Re: [PATCH 7/8] fetch: fetch unpopulated, changed submodules

Junio C Hamano <gitster@xxxxxxxxx> · Fri, 11 Feb 2022 09:07:42 -0800

Glen Choo <chooglen@xxxxxxxxxx> writes:

> Junio C Hamano <gitster@xxxxxxxxx> writes:
>
>>> +static struct fetch_task *
>>> +get_fetch_task_from_changed(struct submodule_parallel_fetch *spf,
>>> +			    const char **default_argv, struct strbuf *err)
>>> +{
>>
>>> @@ -1553,7 +1628,10 @@ static int get_next_submodule(struct child_process *cp, struct strbuf *err,
>>>  {
>>>  	struct submodule_parallel_fetch *spf = data;
>>>  	const char *default_argv = NULL;
>>> -	struct fetch_task *task = get_fetch_task(spf, &default_argv, err);
>>> +	struct fetch_task *task =
>>> +		get_fetch_task_from_index(spf, &default_argv, err);
>>> +	if (!task)
>>> +		task = get_fetch_task_from_changed(spf, &default_argv, err);
>>
>> Hmph, intersting.  So if "from index" grabbed some submodules
>> already, then the "from the changes in the superproject, we know
>> these submodules need refreshing" is not happen at all?  I am afraid
>> that I am still not following this...
>
> Hm, perhaps the following will help:
>
> - get_next_submodule() is an iterator, specifically, it is a
>   get_next_task_fn passed to run_processes_parallel_tr2().

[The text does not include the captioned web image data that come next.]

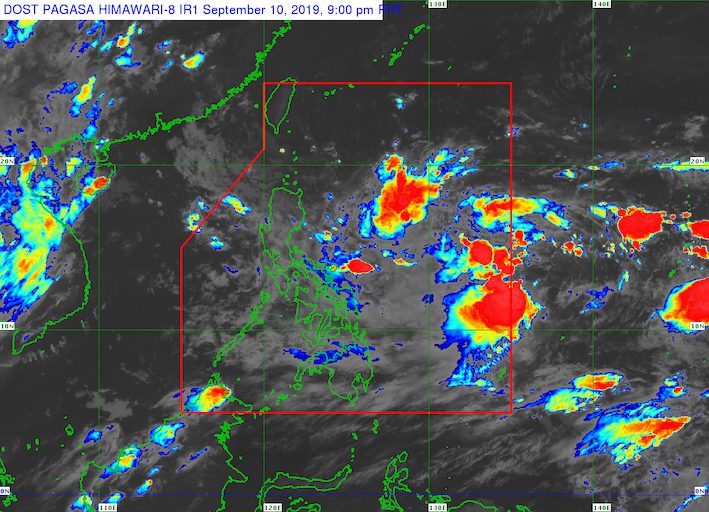 Southwest monsoon still affecting Luzon; LPAs outside PAR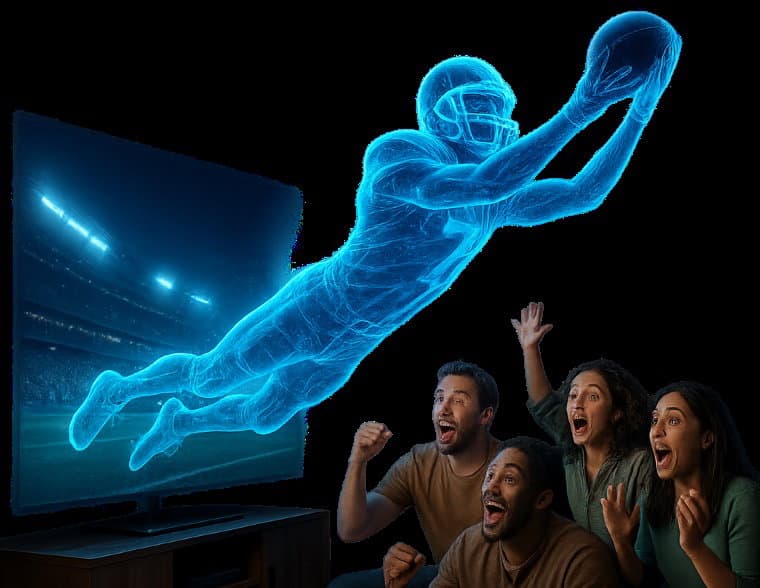 Holografik TV Burada: Ödüllü 'Portalgraph' Her Ekranı Anında 3D VR Ekrana Dönüştürüyor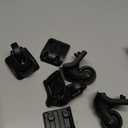 Zoofen Replacement Luggage Wheel Repair Suitcase Bag Parts Spinner Wheels Casters for Travel Customs Box W044 (A Set 4PCS)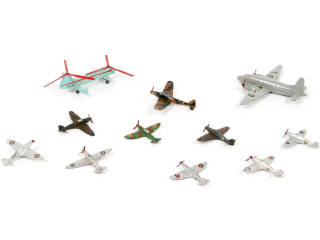 Lot 268 - DINKY TOYS (GB) (11)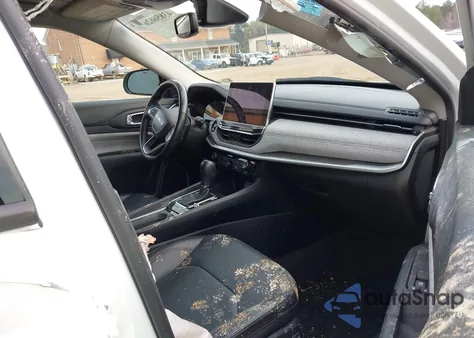 2022 Jeep Compass Latitude Lux 4X4 z USA, uszkodzony, nr VIN 3C4NJDFB5NT185935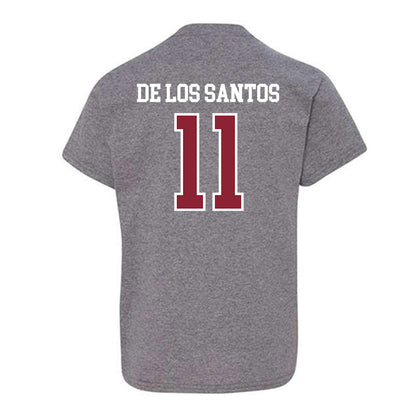SCSU - NCAA Women's Soccer : Fay De Los Santos - Youth T-Shirt-1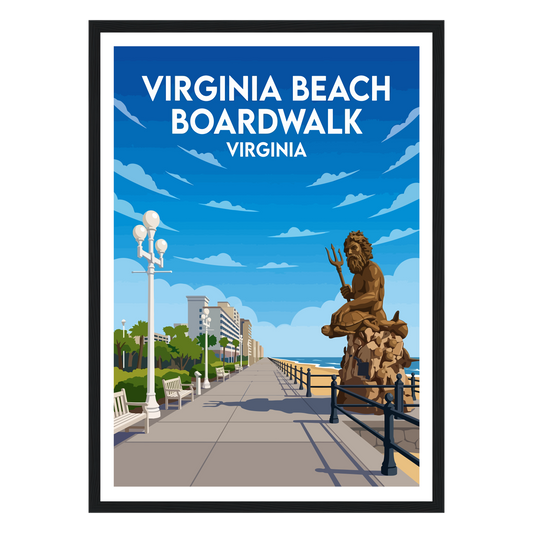 Virginia Beach Boardwalk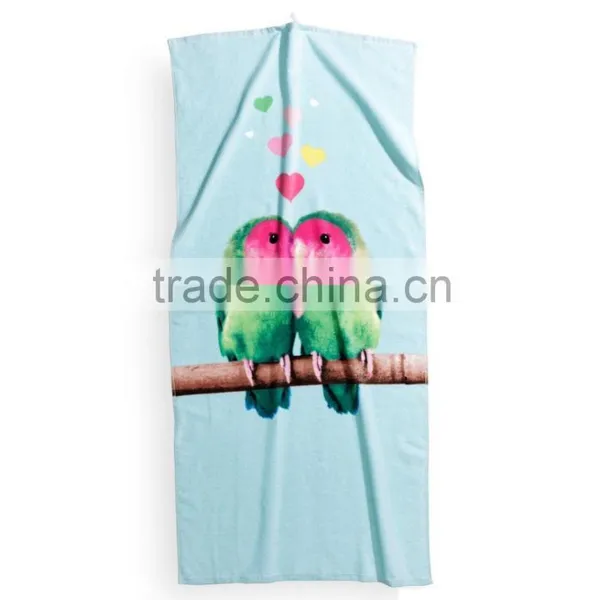 Wholesale Domesticable Custom Printed Beach Towel photo-3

It gets
>   called until it is exhausted.

Ahh, yeah, I totally forgot how we designed these things to work.

Even though these functions have a loop, (1) they start iterating at
the point where they left off in the last call, and (2) they return
as soon as they find the first item in the loop, which should have
stood out as a typical generator pattern, but somehow I missed these
signs.

> So in practice:
> ...
> - get_next_submodule() has now been exhausted and we are done.

But my original question (based on my misunderstanding that a single
call to these would grab all submodules that needs fetching by
inspecting either the index or the history) still stands, doesn't it?

Presumably the "history scan" part is because we assume that we
already had all the necessary submodule commits to check out any
superproject commits before this recursive fetch started.  That is
the reason why we do not scan the history behind the "old tips".  We
inspect only the history newer than them, leading to the "new tips",
and try to grab all submodule commits that newly appear, to ensure
that we can check out all the superproject commits we just obtained
and have no missing submodule commits necessary to do so.  Combined
with the assumption on the state before this fetch that we had all
necessary submodule commits to check out the superproject commits up
to "old tips", we maintain the invariant that we can check out any
superproject commits recursively, no?

If we are doing so, especially with this series where we do the
"history scan" to complete submodule commits necessary for all new
commits in the superproject, regardless of the branch being checked
out in the superproject, why do we still need to scan the index to
ensure that the current checkout can recurse down the submodule
without hitting a missing commit?

The only case the "index scan" may make a difference is when the
assumption, the invariant that we can check out any superproject
commits recursively, did not hold before we started the fetch, no?